§ **PROMPT**
Everything from the line that contains "Hay sự năng" through the final line of the records below should be quoted exactly, except the pictures.

§ **PROVIDED DATA**
• • • •

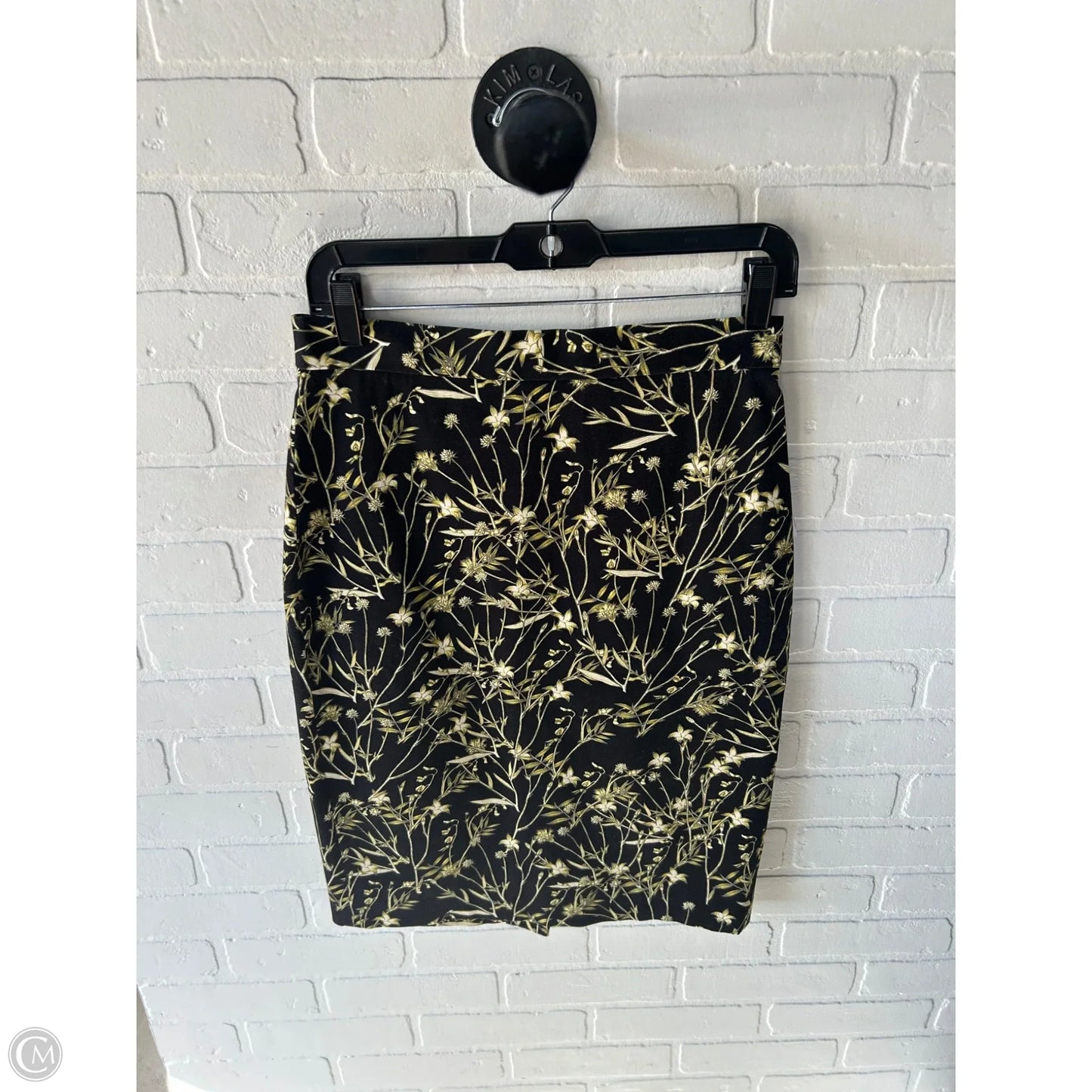 Skirt Midi By Banana Republic In Black & Green, Size: 4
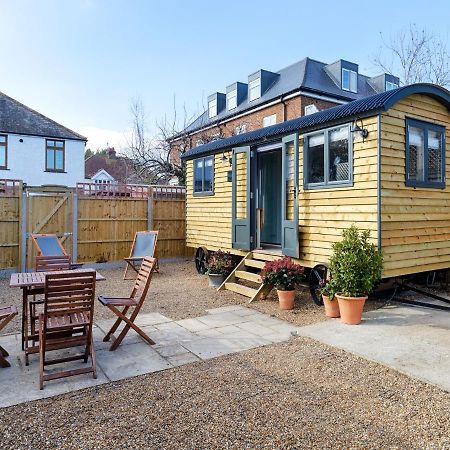 Pass The Keys Whitstable Shepherds Hut Minutes From The Harbour Villa Bagian luar foto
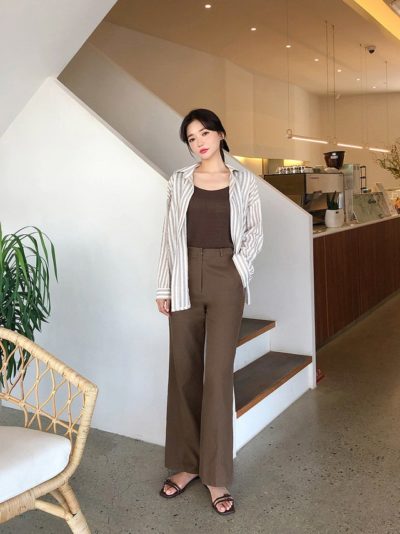 Hay sự năng đông cá tính với kiểu mix match tông nâu basic như thế này đây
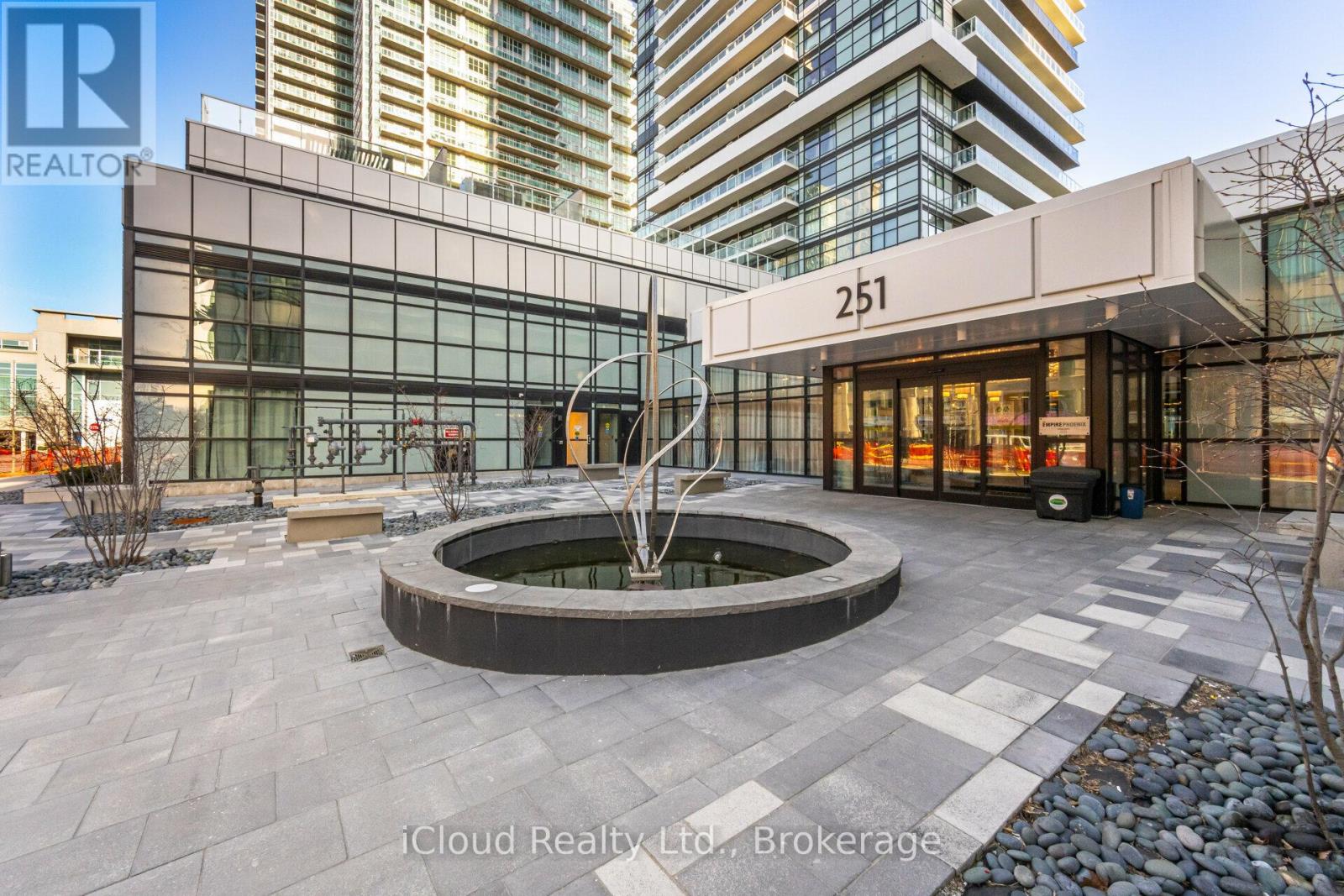 615 - 251 Manitoba Street, Toronto, Ontario  M8Y 0B3 - Photo 2 - W12756970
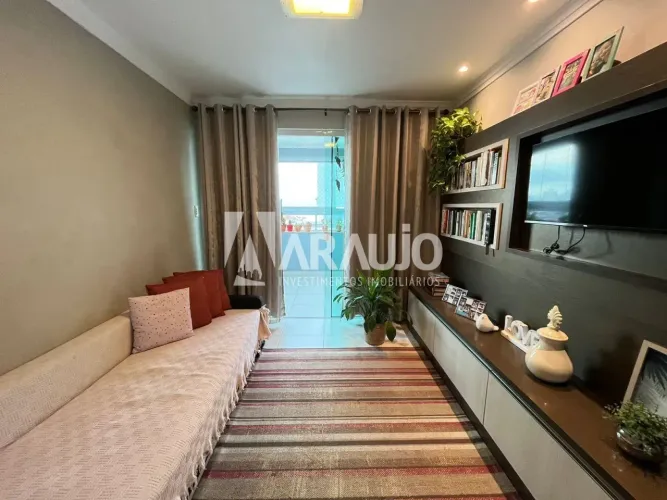 Apartamento semi mobiliado à venda no bairro Centro em Itajaí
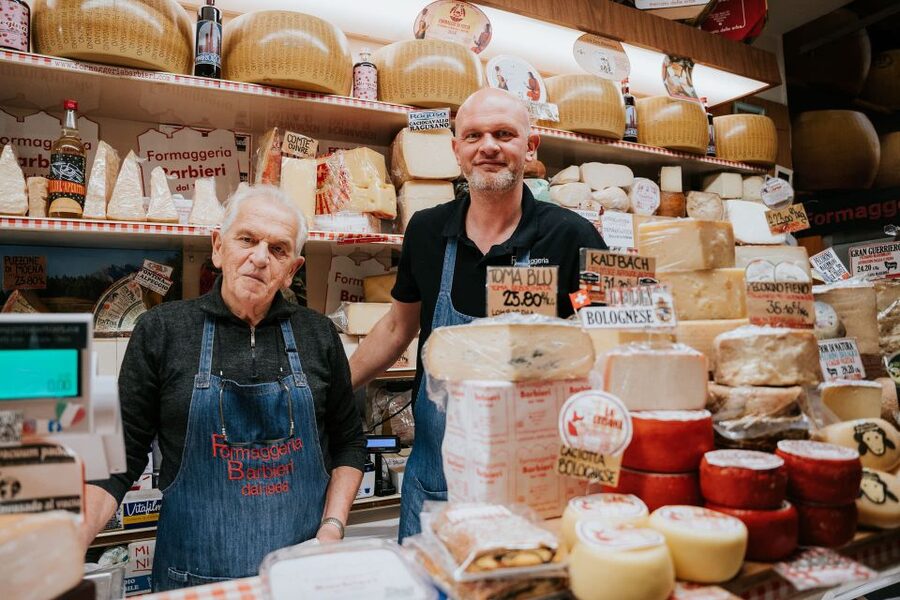 Bologna: Tastes and Traditions Food Tour with Market Visit - Walking route and timing: 3.5 hours with 12 people max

• • • •

§ **EXPECTED ANSWER**
 Hay sự năng đông cá tính với kiểu mix match tông nâu basic như thế này đây
 615 - 251 Manitoba Street, Toronto, Ontario  M8Y 0B3 - Photo 2 - W12756970
 Apartamento semi mobiliado à venda no bairro Centro em Itajaí
 Bologna: Tastes and Traditions Food Tour with Market Visit - Walking route and timing: 3.5 hours with 12 people max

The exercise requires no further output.